Import-csv text qualifier not functioning

I have a csv file with user information, and data has the default comma sign as delimeter. There is data with commas and their are quote signs between them like you see below (“Department-TH Office, MT & HRM”)

False,,Netherlands,"Department-TH Office, MT & HRM",True,John Doe,,John,2024-01-29 21:44:43Z,Doe,2024-01-29 21:32:44Z,,Enterprise Mobility + Security E5+Microsoft Power Automate Free+Microsoft 365 E5 Security for EMS E5+Microsoft 365 E3,,,objectid,Hoofdkantoor Den Haag,True,088-00000000,,,,smtp:john@domainname.nl+smtp:johnmt@domainname.nl+smtp:hdoe@domainname.mail.onmicrosoft.com+smtp:hdoe9717@domainname.onmicrosoft.com+smtp:hdoe@domainname.onmicrosoft.com+SMTP:john.doe@domainname.nl+smtp:john.doe@domainname.com,,,,,True,,NL,john.doe@domainname.com,2020-06-17 13:19:04Z

I use the import-csv function in PowerShell to get the Licenses and the Users principal name colum via below script. But each row with a comma that needs to be sorted as text, are used as delimiter. So, the text qualifier does not work per default. Also used the -Delimiter function , but still problem is there. It is because of the text qualifier that does not work.

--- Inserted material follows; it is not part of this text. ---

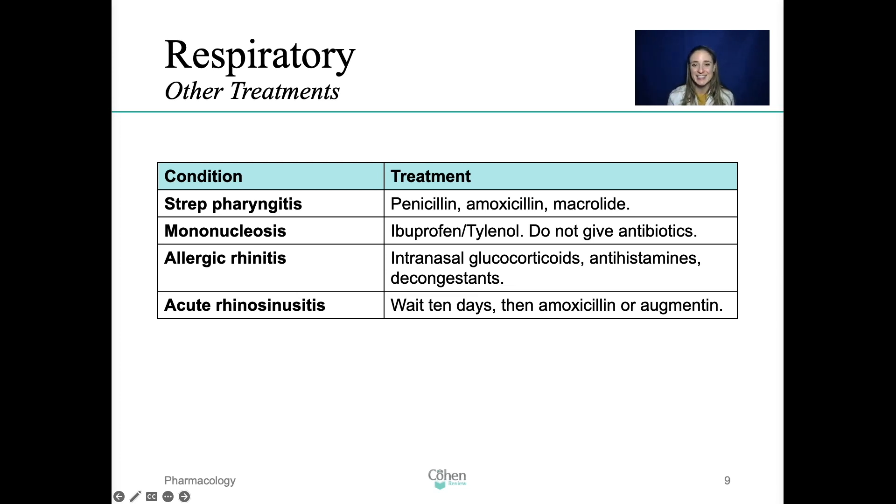For mononucleosis, this is an acute, self-limiting infection with an incubation of four to eight weeks. It's caused by the Epstein-Barr virus and is also known as the kissing disease. There's a triad of symptoms: fever, pharyngitis, and lymphadenopathy. Treatment: be careful — you do not want to give an antibiotic; this is a viral infection. If you mistake it for strep and prescribe a penicillin, they will develop a diffuse maculopapular rash all over their body. Instead, mononucleosis is treated symptomatically with ibuprofen or Tylenol for fever, but do not give antibiotics.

How can I solve this via PowerShell?

# Navigate to the directory with the CSV files
Set-Location "$PSScriptRoot\exports"

# Import the data from the CSV file
$data = Import-Csv -Path .\users.csv

# Display the names of the columns
$data[0].PSObject.Properties.Name

# Select the desired columns
$selectedData = $data | Select-Object 'Licenses', 'User principal name'

# Export the selected data to a new Excel file
$selectedData | Export-Excel -Path .\users.xlsx -WorksheetName "Sheet1" -AutoSize

If I do text to columns in Excel manually, Excel is using the text qualifier in a good way, but the import-csv function is the problem here.

Back up a step, what’s your actual issue? Please clarify what your actual problem is, don’t just state ‘it doesn’t work’ or it ‘does not work per default’. State the problem, what your actual output is, and what your expected output is.

Consider the following in a text file:

Column1,Columns2
Test,"Test,Test"

Running a quick test:

$data = Import-CSV -Path '.\test.txt'
$data

OUTPUT

Column1 Columns2 
------- -------- 
Test    Test,Test

This is behaving normally. Likewise, re-exporting the data back out behaves normally (to a csv)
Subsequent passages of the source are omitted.